Aos poucos se fortalece a consciência de que a mudança não ocorrerá usando as mesmas estratégias de sempre imaginando com isso encontrar resultados diferentes. Um novo “acordo de Oslo” não dará fim ao conflito na Palestina e muito menos ainda a deposição do líder monstruoso de Israel. A solução está muito distante das tentativas até agora utilizadas, todas falhas memoráveis que apenas agravaram a situação. Da mesma forma, a troca de Biden por Trump será apenas o câmbio de uma fantasia, pois no imperialismo quem o controla as grandes corporações farmacêuticas e de informação também detém o aparente poder político. Quanto à direita fascista da América Latina ela continuará existindo reciclando seus nomes, passando de crise em crise, trocando o salvador da ocasião, até que o próprio capitalismo seja substituído por um sistema menos violento em sua natureza segregacionista de classes.

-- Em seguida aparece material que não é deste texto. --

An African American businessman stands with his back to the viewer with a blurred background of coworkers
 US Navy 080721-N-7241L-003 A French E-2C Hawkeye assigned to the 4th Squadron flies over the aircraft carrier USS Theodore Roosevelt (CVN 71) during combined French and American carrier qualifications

Nenhum desses nomes representa o mal em si; todos eles são personagens que desempenham o papel de manter as aparências do capitalismo defunto, como na comédia “Um Morto muito Louco”, de 1989, onde uma dupla de camaradas carrega o amigo morto fingindo que ainda está vivo. Assim fazemos nós, transportando o corpo inanimado de um projeto de sociedade que já não é mais capaz de oferecer ao mundo a equidade, a liberdade, a estabilidade e o respeito ao meio ambiente que todos necessitamos.